I realised I haven’t noticed any marketing agency boasts their success rates.

Individual success stories of some of their clients, yes.

But not overall success rate across all clients.

Why, being in the marketing industry for 3 years, my theory is this, most agencies don’t have high success rates.

Who’s To Blame?

It might or might not be agency’s fault, after dealing with a couple of business owners and insurance agents in my marketing journey, in my opinion many of them don’t have the tenacity required to succeed.

Those clients’ with the right business acumen and mindset, they make the most money from us, pay us the most money, and working with them is a breeze.

Of course there’s some clients on the flipside of that spectrum aswell, they sometimes lose money, pay us the least, and demand 100 different unnecessary things that they think matters (which obviously doesn’t).

Perhaps, this is why there’s the saying that only 5% of businesses succeed.

The Car & Driver Analogy

I’ve recently heard a line from a seasoned marketer Bryan Ang that resonated with me, “Marketing is 20% of the road to success”. It’s up to the business to complete the other 80%.

Imagine marketing agencies as drivers, there’s good drivers and bad drivers.

Now imagine businesses as cars you have 2 cars,

A Good Car: The 5-years old pink color bugatti (Andrew Tate reference hehe), well maintained, serviced regularly
A Bad Car: The horribly maintained car with 10,000 different problematic parts.

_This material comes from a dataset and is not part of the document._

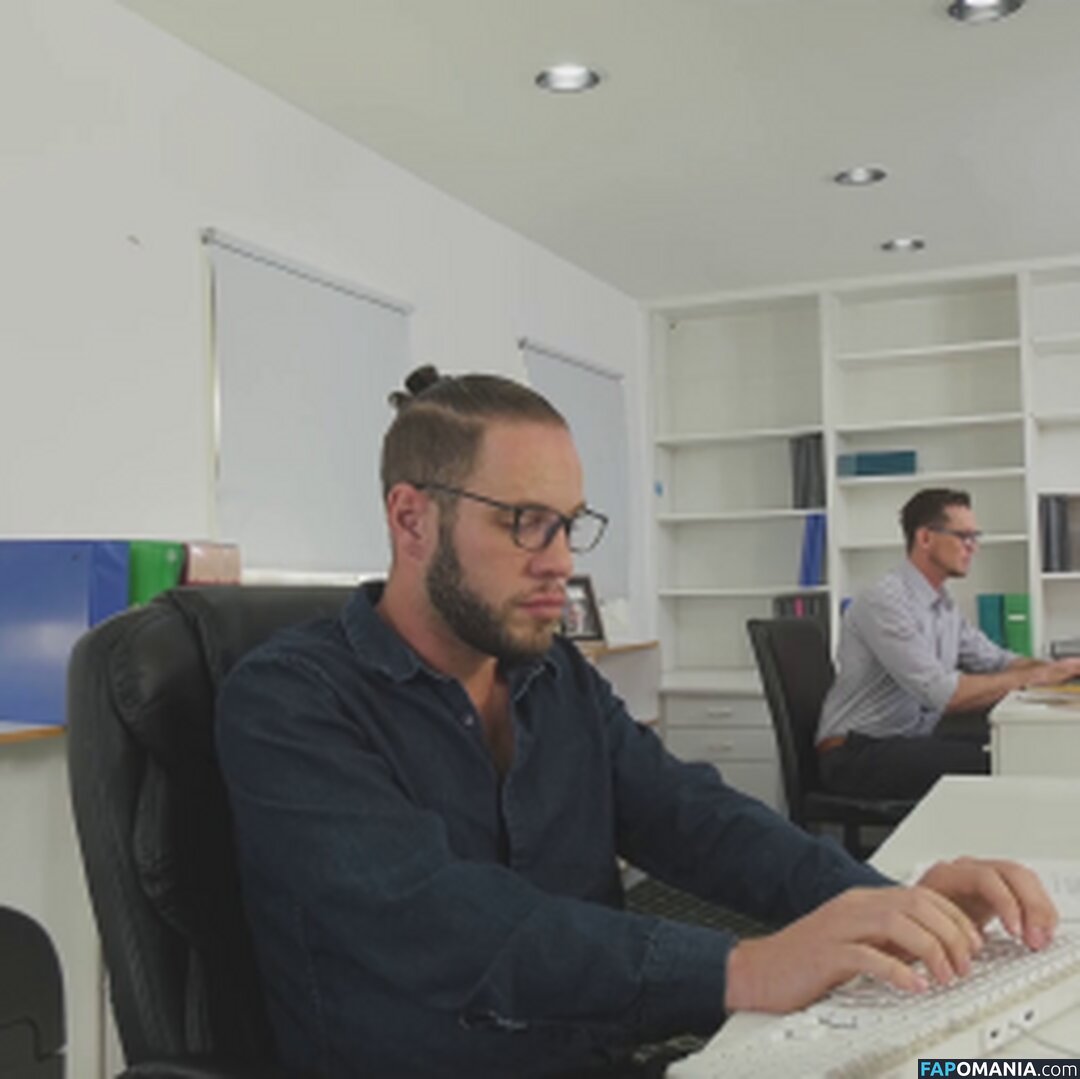 Lauren Phillips / laurenfillsup / laurenphillips Nude OnlyFans  Leaked Photo #224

Good Driver + Good Car, there’ll be a High chance of success
Good Driver + Bad Car, there’ll be a Low chance of success
Bad Driver + Good Car, You’ll get far, but the risk of accident is high (e.g. a marketing campaign that results in bad PR)
Bad Driver + Bad Car, failure is pretty much guaranteed

Just like how success leaves clues, failure too leaves clues

At the end of the day, I do view it as the agency’s fault for agreeing to take on the client, because if the client displays some red flags during the sales appointment, like makes some strange demand or gives off a weird vibe, the marketing agency has full agency (no pun intended) walk away from the deal.

I recently had a conversation with a friend who runs another marketing agency who’d signs anyone who’s willing to pay him money,

and watching his IG stories for the past few months, it is just him complaining endlessly about all his various clients.
(Thankfully he’s stopped doing that now)

From his experience, and of course some exposure to books like The Win Without Pitching Manifesto by Blair Enns and Chris Do’s content, I’ve decided I’ll only take on up to a maximum of 10 clients (this number might drop to 5 in the future) at any given time.

  1. I’ll only take on clients where we vibe well with each other.
  2. I’m confident my skillsets will make them more money than the amount of money they’re paying to engage me. (A.K.A. We both sense we have the Potential to be The Perfect Fit.)

Remarks: A lot of sales and marketing people like to throw the word “a good fit” around to disarm their prospects when they don’t actually mean it, which is quite sad as it devalues the statement when it’s a claim made by people who actually mean it.

I recently had a zoom call with my friend I mentioned previouly who’d sign anyone, and I came up with a line that we both felt was quite meaningful.

“When you accept someone’s money, you accept them as a part of your statistics.”

Darren Seah, Sep 2022

And I want my business statistics to boast high success rates across all clients.

Which is why Advertise Pte. Ltd. has to be selective.